**Data to process:**
((
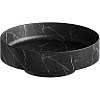 Раковина Boheme Corian 400x130 Nero Marquina 801-NM накладная
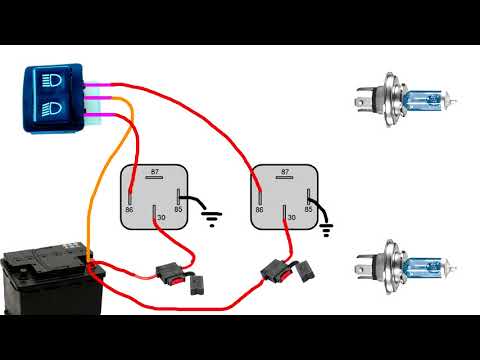 Video: ¿Cómo funciona un panel de relés de iluminación?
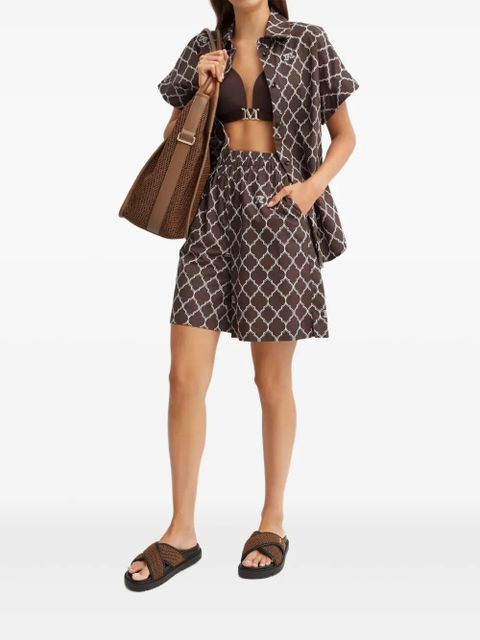 Max Mara Ululato shorts - Brown - zdjęcie produktu nr 2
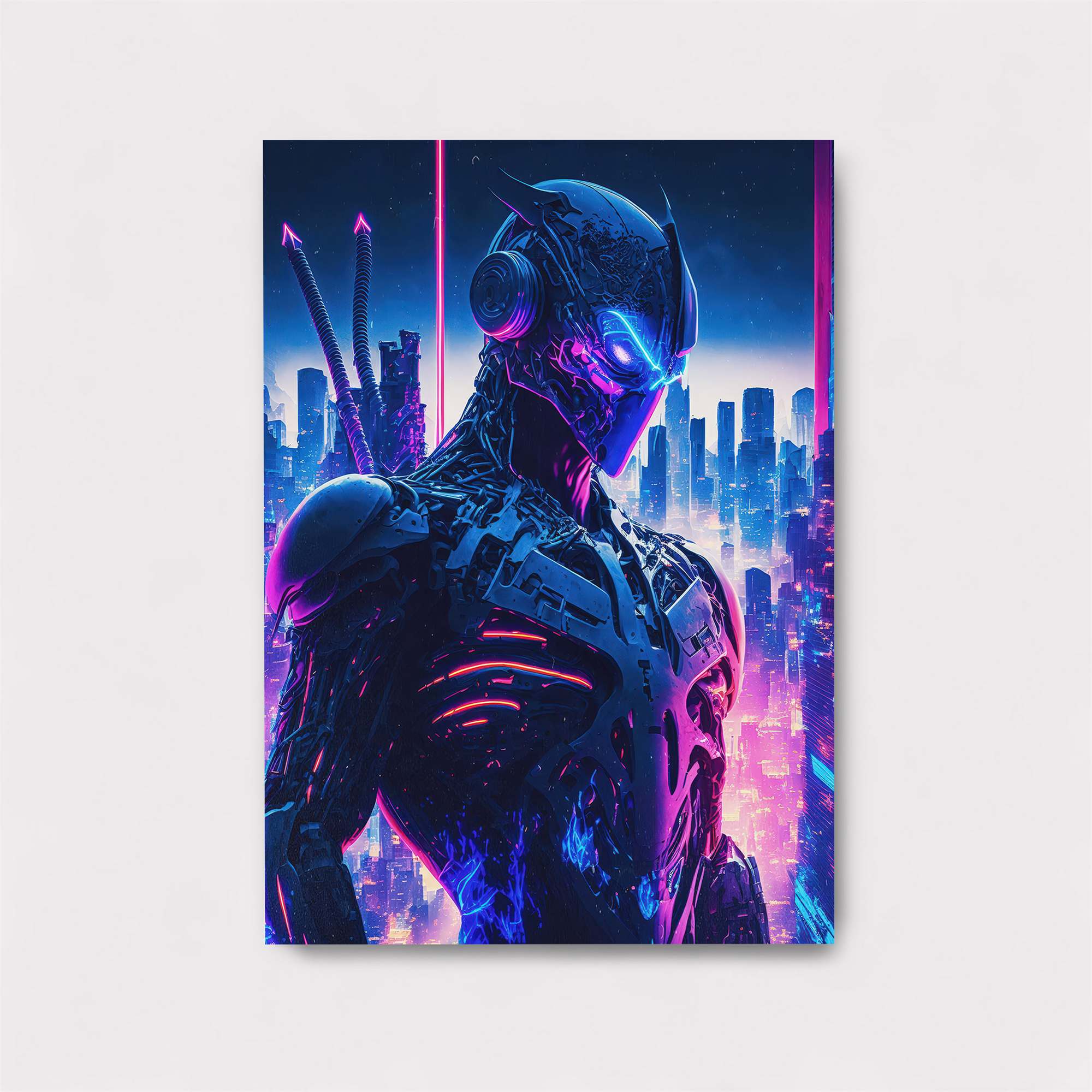 Neon Sentinel Safe Wall Magnetic / M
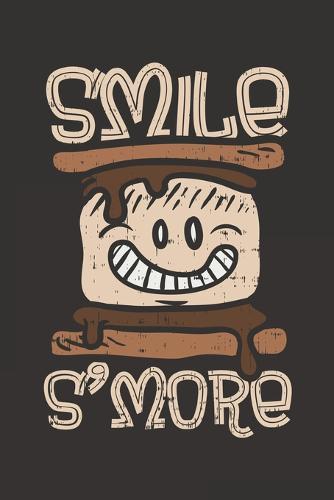 Smile S'more: Notebook 6x9 Dotgrid White Paper 118 Pages - Funny Camping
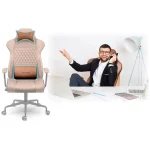 Офісне крісло Sofotel Werona 2582 коричневе для сучасного інтер'єру - Зображення 12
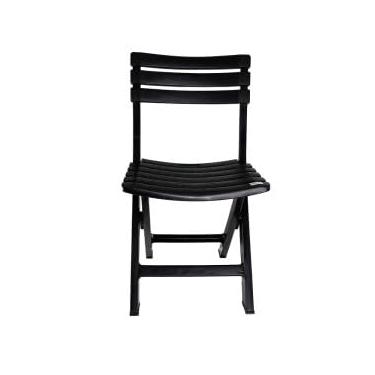 Imagem de Cadeira de Plástico listrada Preta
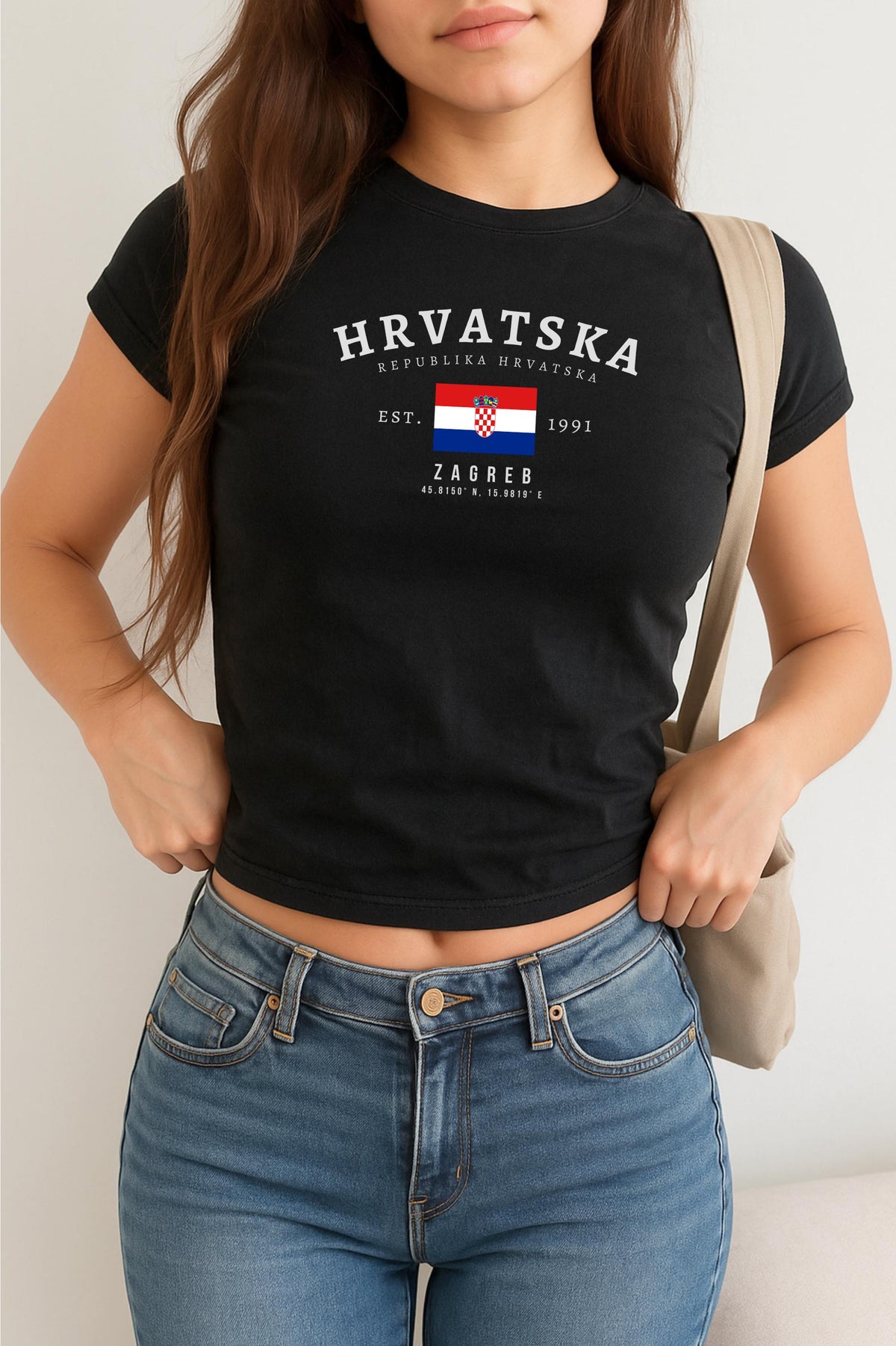 Croatia Baby Tee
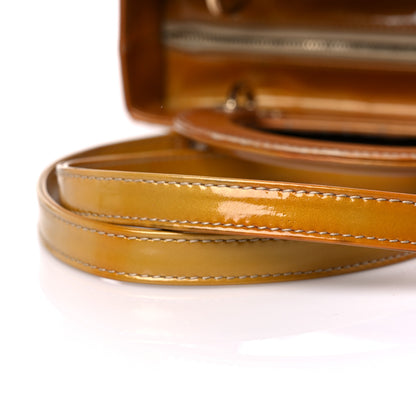 Christian Dior Metallic Patent Cannage Medium Lady Dior Yellow 20 of 20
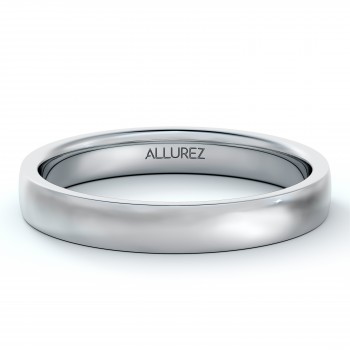 Palladium Wedding Ring Band Low Dome Comfort Fit (3mm)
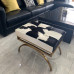 Modern Luxury Cowhide Shoe Bench Modern Luxury Cowhide Shoe Bench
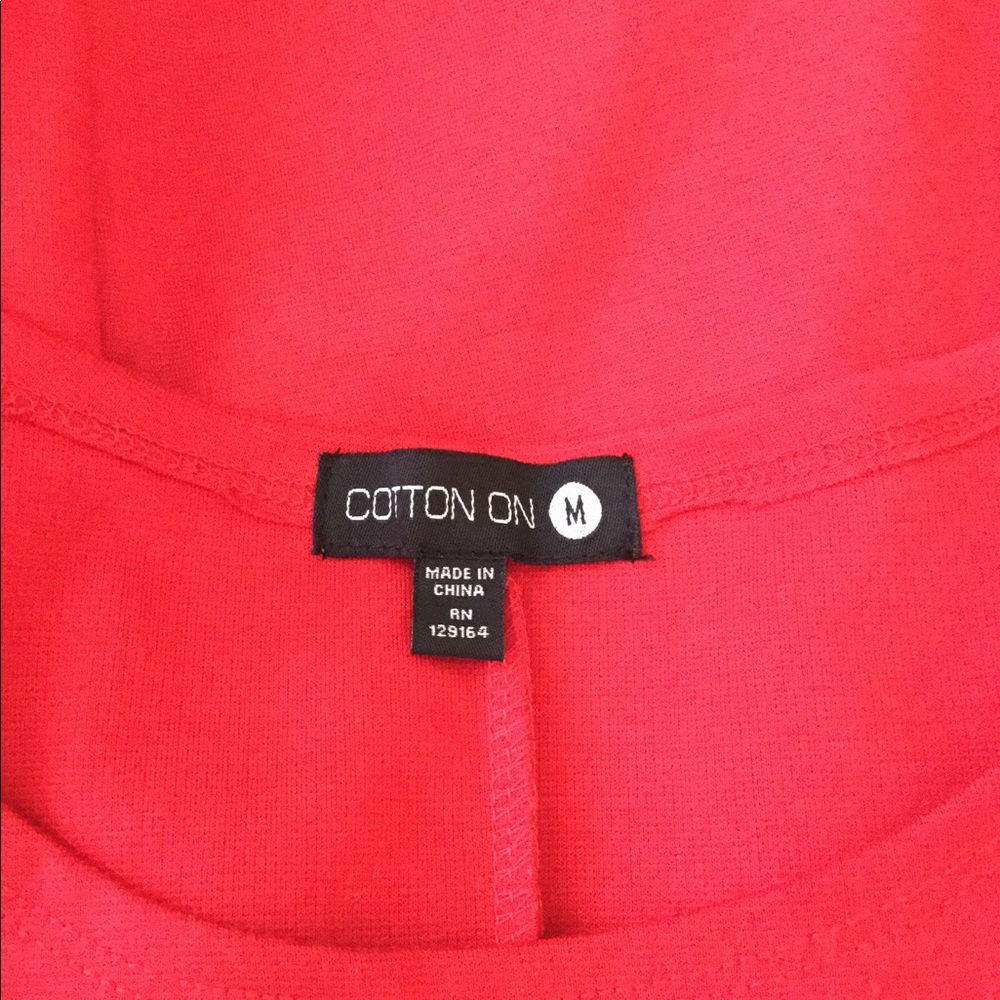 RED COTTON DRESS - Picture 3 of 7
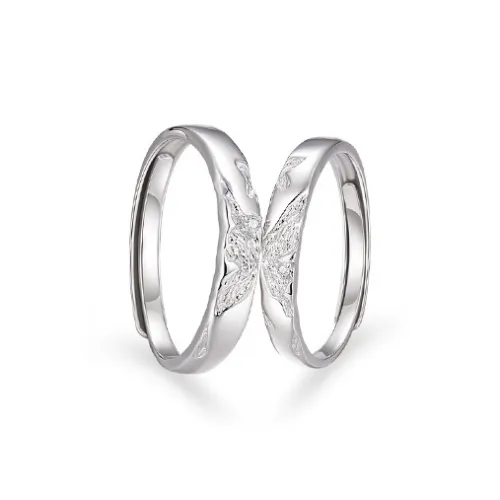 Lang Wind S999 Fine Silver Rings Mens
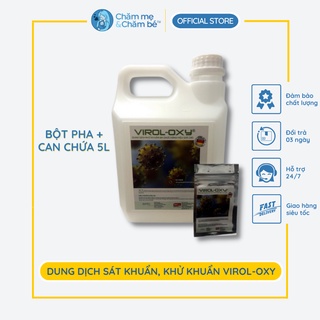Dung dịch sát khuẩn, khử khuẩn Virol-Oxy 20gr kèm Can chứa 2 lít - Nhập khẩu CHLB Đức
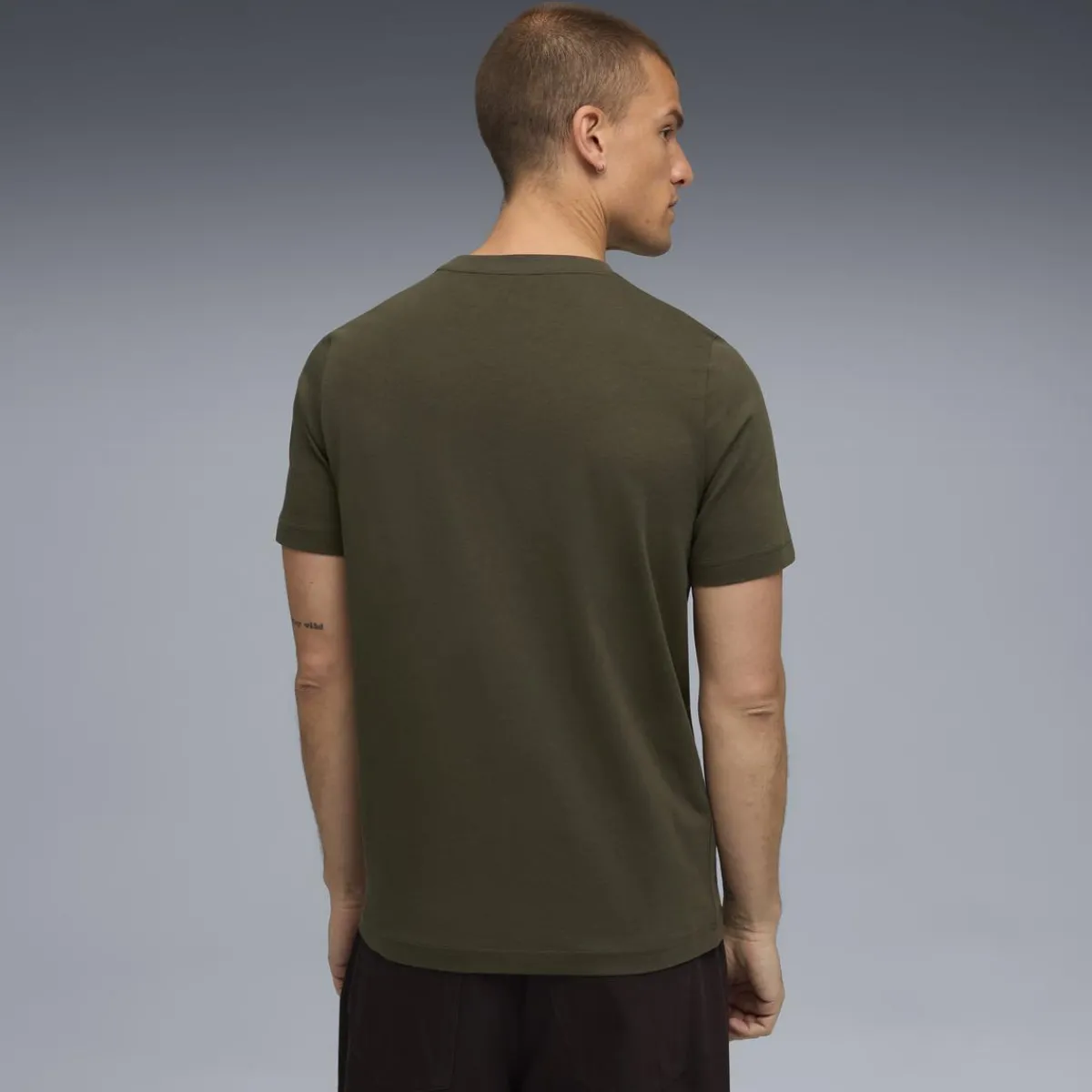 Sale T-shirt verde militare da Uomo con logo Uomo Abbigliamento Puma|T-Shirt Uomo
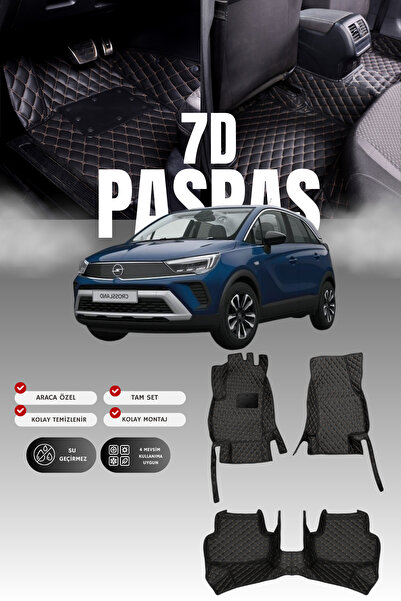 stiloto سجادة أرضية جلدية للسيارة أوبل كروس لاند (2021-2024) 7D |   حماية كام...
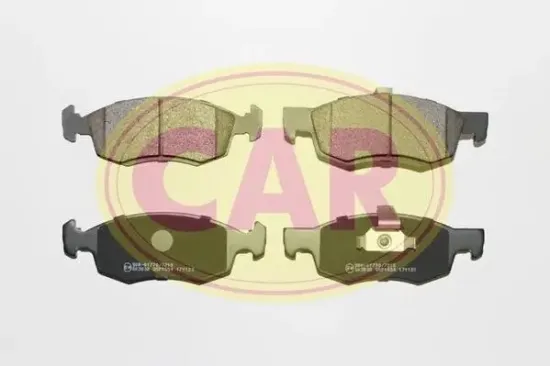 Bremsbelagsatz, Scheibenbremse Vorderachse CAR PNT4561 Bild Bremsbelagsatz, Scheibenbremse Vorderachse CAR PNT4561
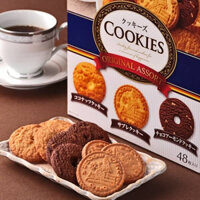 Bánh Quy COOKIES ORIGINAL ASSORT Bánh Nhật Chính Hãng 3 VỊ (HỘP 48 CÁI)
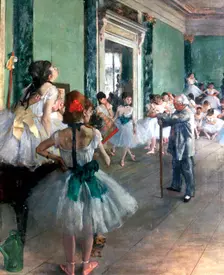 Dance Class 1874. Artist: Edgar Degas
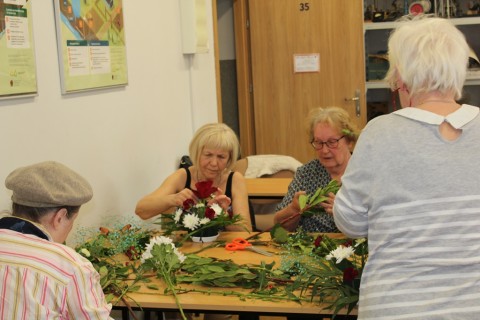 Warsztaty florystyczne dla seniorów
))
**Task instructions:**
Give every record again exactly, apart from the pictures, which stay out.

**Output below:**
 Раковина Boheme Corian 400x130 Nero Marquina 801-NM накладная
 Video: ¿Cómo funciona un panel de relés de iluminación?
 Max Mara Ululato shorts - Brown - zdjęcie produktu nr 2
 Neon Sentinel Safe Wall Magnetic / M
 Smile S'more: Notebook 6x9 Dotgrid White Paper 118 Pages - Funny Camping
 Офісне крісло Sofotel Werona 2582 коричневе для сучасного інтер'єру - Зображення 12
 Imagem de Cadeira de Plástico listrada Preta
 Croatia Baby Tee
 Christian Dior Metallic Patent Cannage Medium Lady Dior Yellow 20 of 20
 Palladium Wedding Ring Band Low Dome Comfort Fit (3mm)
 Modern Luxury Cowhide Shoe Bench Modern Luxury Cowhide Shoe Bench
 RED COTTON DRESS - Picture 3 of 7
 Lang Wind S999 Fine Silver Rings Mens
Dung dịch sát khuẩn, khử khuẩn Virol-Oxy 20gr kèm Can chứa 2 lít - Nhập khẩu CHLB Đức
 Sale T-shirt verde militare da Uomo con logo Uomo Abbigliamento Puma|T-Shirt Uomo
 stiloto سجادة أرضية جلدية للسيارة أوبل كروس لاند (2021-2024) 7D |   حماية كام...
 Bremsbelagsatz, Scheibenbremse Vorderachse CAR PNT4561 Bild Bremsbelagsatz, Scheibenbremse Vorderachse CAR PNT4561
 Bánh Quy COOKIES ORIGINAL ASSORT Bánh Nhật Chính Hãng 3 VỊ (HỘP 48 CÁI)
 Dance Class 1874. Artist: Edgar Degas
 Warsztaty florystyczne dla seniorów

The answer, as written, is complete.